After playing “Ways to Lose 8-10: Coors Field Edition,” the Mets return home to face a hot Dodgers team. You have probably heard about the resurgence of Matt Kemp, the incredible rise of Max Muncy and how those two unlikely heroes have helped turn around the Dodgers’ season. But what if I told you that those two players are not part of the top three most valuable players for this second place NL West squad? In fact, they sit as the fifth and sixth most valuable Dodger players according to WARP. Highlighted below, then, is an underrated Dodger trio that has arguably (at least by WARP) been more valuable to the team than Kemp and Muncy.

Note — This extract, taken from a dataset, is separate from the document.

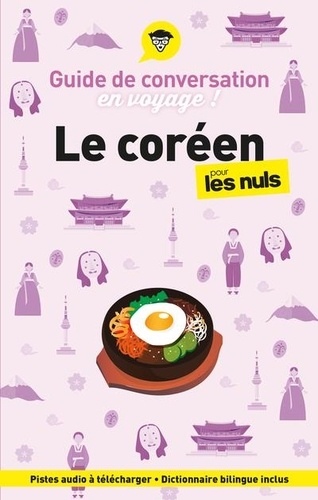 Le coréen pour les nuls en voyage ! Guide de conversation, Edition 2024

Wood’s Worth: Since joining the Dodgers at the trade deadline in 2015, Alex Wood has been incredibly valuable when on the mound. The “when on the mound” part has been a little tricky, as he threw just over 200 innings combined between 2016 and 2017, but his WARP/200 innings pitched since the 2015 trade is 5.31. For a comparison, Jacob deGrom’s WARP/200 innings since 2015 is 5.82. As valuable as deGrom has been to the Mets, when healthy, Wood has been almost as valuable to the Dodgers on a rate basis. Los Angeles has received the healthy version of Wood so far this season (knock on wood for Wood’s sake), to the tune of 2.0 WARP, the second most among Dodgers’ starters. Wood will line up against Zack Wheeler in game one Friday.

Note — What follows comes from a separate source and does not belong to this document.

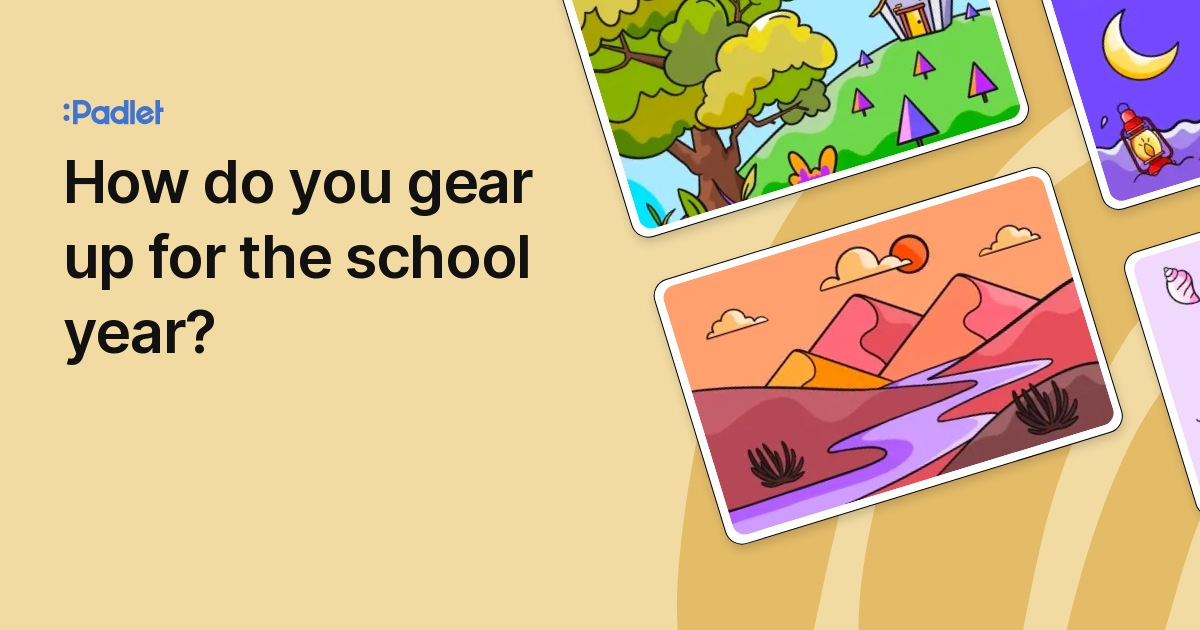 How do you gear up for the school year?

Grandal’s Glove: Yasmani Grandal does not get the love from other versions of WAR that Baseball Prospectus’ WARP gives him (2.2 WARP), largely in part because WARP credits him for his excellent framing skills. Some writers have wondered whether umpires consciously counteract the work of catchers known to be good framers, thus making it hard for those catchers to remain atop the leaderboards on a consistent year-to-year basis. That problem does not seem to be the case for Grandal, as he has been in the top five in framing runs each of the last three years, something no other catcher has done. In 2018, he is once again near the top of the leaderboards at fourth with 5.9 framing runs. (The best Mets framer has been Travis d’Arnaud with 1.1 framing runs.) His glove work is not all he has to offer, though, as he has posted a .278 TAv this season, which is still better than all Mets catchers (Devin Mesoraco is best with a .274 TAv).
Stealthy Stripling: And the best Dodger in 2018 is… Ross Stripling. The incredible thing about Stripling’s turnaround from backend starter/long reliever to the front of the Dodgers’ rotation is there is not one area he has improved in that really stands out. Most recent breakouts seem to be centered on changing pitch mixes or adding velocity, but Stripling has not really done either of those things. He has thrown his changeup a little more and got a few more swings and misses on his curveball, but his velocity is actually a little down from last year (93.2 mph to 92.4 mph). What he has done, though, is improve on his already below average walk rates (6.3% in 2017 to 3.8% in 2018). He has also found a way to strand runners at a high clip (89%), and while that may not be sustainable, his ERA estimators back up his 1.99 ERA (2.44 FIP, 2.04 DRA). So while Stripling has not made major changes in repertoire or velocity, his improvements appear legitimate. Fortunately, the Mets will not have to face Stripling in the series, but we would be remiss not to mention the Dodgers’ top player by WARP in the stats preview.
The Good: Matt Kemp, Joc Pederson and Max Muncy are slugging .701, .644, and .628, on fastballs. No other team has three players slugging above .625 on fastballs (with at least 50 at bats ending in fastballs). Brandon Nimmo is the only Met above that threshold at .672.
The Bad: Four of the Dodgers’ top pitchers by WARP are on the DL (Walker Buehler, Hyun Jin Ryu, Clayton Kershaw and Pedro Baez).
The Ugly: Cody Bellinger’s contact rate on pitches out of the zone has increased by 10% compared to 2017, while his contact rate on pitches in the zone has fallen by 5%.
Brandon Nimmo’s recent surge has him at 3.5 WARP, best on the team. He has been more valuable than any other two position players combined. Outside of a Cabrera/Frazier/Cespedes combo, he has been more valuable than any three other position players combined.